Indian space scientists foresee several developments in the new millennium
when they can scale new heights. Revolutionary developments in the fields of
communication, information and micro- electronics are driving greater convergence and
forging new directions for aerospace programs. "Space would be a strong tool for
development in future" says Dr Kasturirangan. He is of the view that from development
of civil applications such as personal mobile communications at a global level and
management of natural disasters to futuristic vistas such as space power generation and
space tourism the new possibilities are unlimited.
Fig.11
ISRO’s new endeavor
Future Launch Vehicles:
i) The GSLV Mk III is conceived and designed to make ISRO fully self reliant in
launching heavier communication satellites of INSAT-4 class, which weigh 4500 to 5000
kg. The vehicle envisages multi-mission launch capability for GTO, LEO, Polar and
intermediate circular orbits.
ii) Reusable Launch Vehicle-Technology Demonstrator (RLV-TD): As a first step
towards realizing a Two Stage To Orbit (TSTO) fully re-usable launch vehicle, a series of
technology demonstration missions have been conceived. For this purpose a Winged
Reusable Launch Vehicle technology Demonstrator (RLV-TD) has been configured. The
RLV-TD will act as a flying test bed to evaluate various technologies viz., hypersonic
flight, autonomous landing, powered cruise flight and hypersonic flight using air
breathing propulsion. First in the series of demonstration trials is the hypersonic flight
experiment (HEX).
11. Pre Project activities of Human Space Flight Mission Programme
The objective of Human Spaceflight Programme is to undertake a human
spaceflight mission to carry a crew of two to Low Earth Orbit (LEO) and return them
safely to a predefined destination on earth. The programme is proposed to be
implemented in defined phases.
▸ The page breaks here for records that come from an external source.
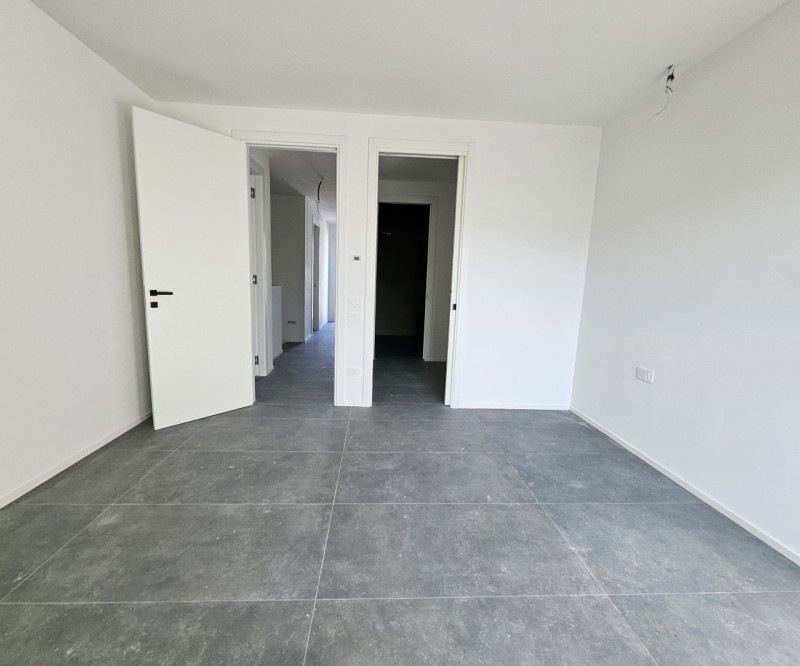 Villa a schiera 140 mq calpestabili €. 300.000 zona centrale comoda a tutti i servizi.

A pochi K...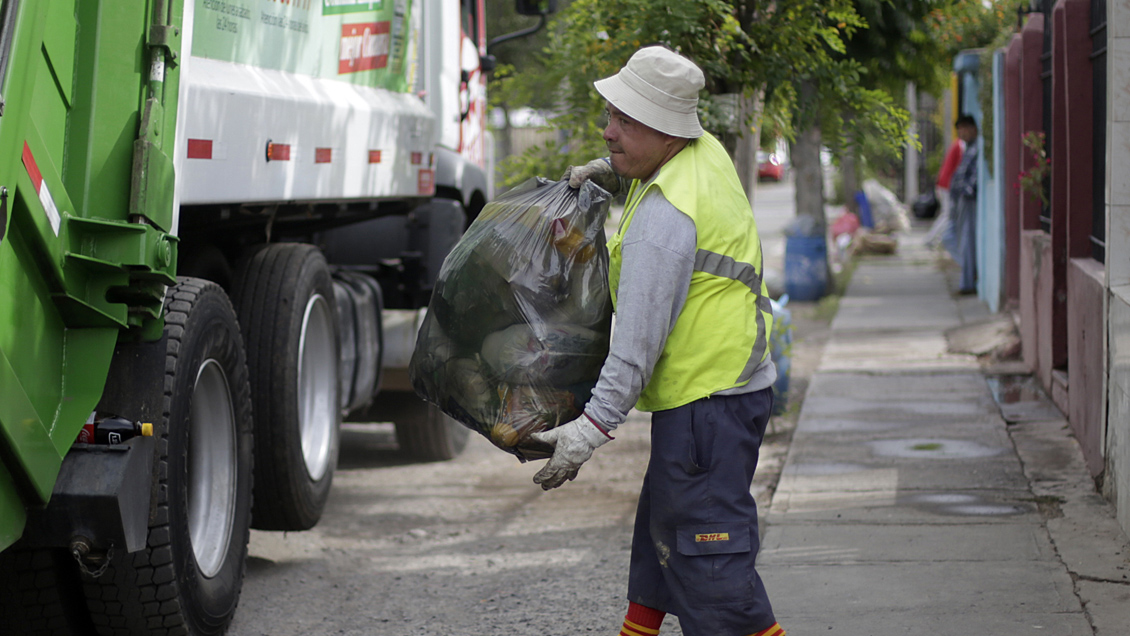 Derecho a baño y salarios: Las principales demandas del paro de recolectores de basura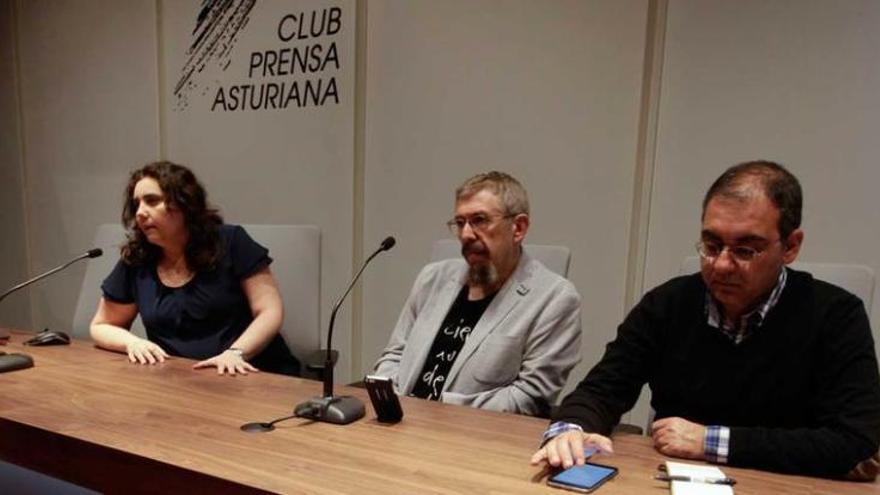 Por la izquierda, Teresa Valdés-Solís, Mauricio Schwarz y Sergio Palacios, de la Asociación de Divulgación Científica.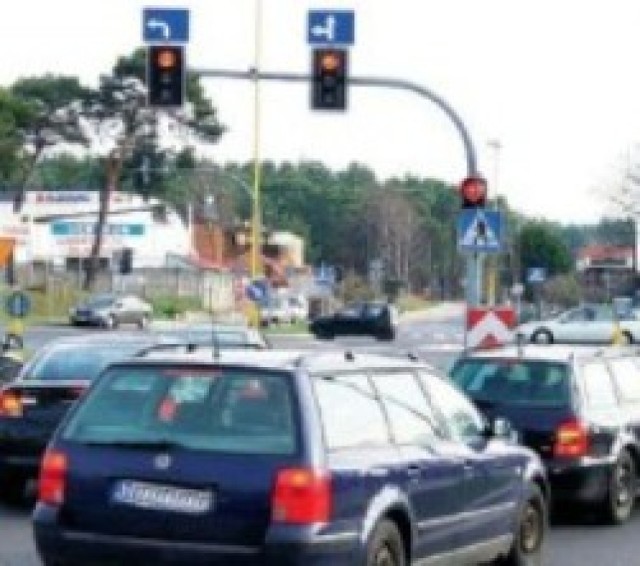 Kierowcy denerwują się na skrzyżowaniu w Płoni, wszystko z tego ...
Currently, the pre project activities are progressing with
a focus on the development of critical technologies for subsystems such as Crew Module
(CM), Environmental control and Life Support System (ECLSS), Crew Escape System, etc.
Fig.6
Indian Human Space Flight Programme
Future Space missions:
i) Chandrayaan-2 is an advanced version of the previous Chandrayaan-1 mission
to Moon. ISRO’s capability to soft-land on the lunar surface will be demonstrated with
this mission. Chandrayaan-2 is configured as a two module system comprising of an
Orbiter Craft module (OC) and a Lander Craft module (LC) carrying the Rover developed
by ISRO. Both the modules are interfaced mechanically by an inter module adapter.
ii) Aditya-1 is a scientific mission designed to study solar corona. The major
scientific objectives of the proposed space solar coronagraph are to achieve a
fundamental understanding of the physical processes that (a) Heat the solar corona (b)
Accelerate the Solar Wind, and (c) Produce Coronal Mass Ejections (CMEs).
The options are never ending. There's RADAR imaging, telecommunication related
activities and other hitherto of this revolutionary field that ISRO is looking forward to.
India’s experience has clearly shown that the investment in space always pays
through remote sensing and telecommunications. By being fully self-reliant in space
activities, it is certain that the resulting contribution from the space programme to the
Indian GDP will be markedly significant.